StarJoinInfo in SQL Server Execution Plans
Introduction
From time to time, you might notice that one or more joins in an execution plan is annotated with a StarJoinInfo
structure. The official showplan schema has the following to say about this plan element:
<xsd:complexType name="StarJoinInfoType">
<xsd:annotation>
<xsd:documentation>Additional information about Star Join structure.</xsd:documentation>
</xsd:annotation>
<xsd:attribute name="Root" type="xsd:boolean" use="optional"/>
<xsd:attribute name="OperationType" use="required">
<xsd:simpleType>
<xsd:restriction base="xsd:string">
<xsd:enumeration value="Fetch"/>
<xsd:enumeration value="Index Intersection"/>
<xsd:enumeration value="Index Filter"/>
<xsd:enumeration value="Index Lookup"/>
</xsd:restriction>
</xsd:simpleType>
</xsd:attribute>
</xsd:complexType>
The inline documentation (“Additional information about Star Join structure”) is not all that enlightening, though the other details are quite intriguing. I will cover those in detail.
If you consult your favourite search engine for more information using terms like “SQL Server star join optimization”, you are likely to see results describing optimized bitmap filters. This is a separate Enterprise Edition feature introduced in SQL Server 2008 and not related to the StarJoinInfo
structure at all.
Selective Star Queries
The presence of StarJoinInfo
indicates that SQL Server applied one of a set of optimizations targeted at selective star schema queries. These optimizations are available from SQL Server 2005 in all editions (not just Enterprise). Note that selective here refers to the number of rows fetched from the fact table. The combination of dimensional predicates in a query may still be selective even where the individual predicates qualify a large number of rows.
Index intersection
The query optimizer may consider combining multiple nonclustered indexes where a suitable single index does not exist, as the following AdventureWorks query demonstrates:
SELECT
COUNT_BIG(*)
FROM Sales.SalesOrderHeader
WHERE
SalesPersonID = 276
AND CustomerID = 29522;
The optimizer determines that combining two nonclustered indexes (one on SalesPersonID
and the other on CustomerID
) is the cheapest way to satisfy this query (there is no single index covering both columns):
Each index seek returns the clustered index key for rows that satisfy the predicate. The join matches the returned keys to ensure that only rows that match both predicates are passed on.

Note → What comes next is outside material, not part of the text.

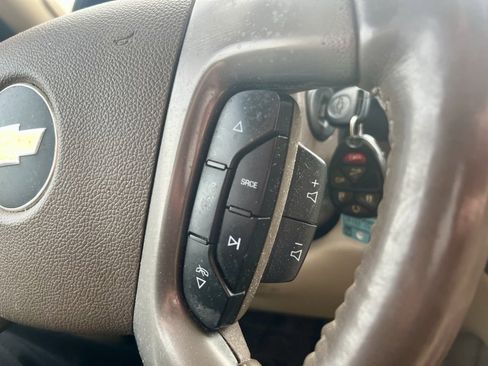 Used 2012 Chevrolet Tahoe LTZ image 16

If the table were a heap, each seek would return heap row identifiers (RIDs) instead of clustered index keys, but the overall strategy is the same: Find row identifiers for each predicate then match them up.
Manual Index Intersection
The same idea can be extended to queries that select rows from a fact table using predicates applied to dimension tables.
To see how this works, consider the following query (using the Contoso BI sample database) to find the total sales amount for MP3 players sold in Contoso stores with exactly 50 employees:
SELECT
SUM(FS.SalesAmount)
FROM dbo.FactSales AS FS
JOIN dbo.DimProduct AS DP
ON DP.ProductKey = FS.ProductKey
JOIN dbo.DimStore AS DS
ON DS.StoreKey = FS.StoreKey
WHERE
DS.EmployeeCount = 50
AND DP.ProductName LIKE N'%MP3%';
For comparison with later efforts, this (very selective) query produces a query plan like the following:
That plan has an estimated cost of just over 15.6 units. It features parallel execution with a full scan of the fact table (albeit with a bitmap filter applied).
The fact tables in this sample database do not include nonclustered indexes on the fact table foreign keys by default, so we need to add a couple:
CREATE INDEX ix_ProductKey ON dbo.FactSales (ProductKey);
CREATE INDEX ix_StoreKey ON dbo.FactSales (StoreKey);
With these indexes in place, we can start to see how index intersection can be used to improve efficiency.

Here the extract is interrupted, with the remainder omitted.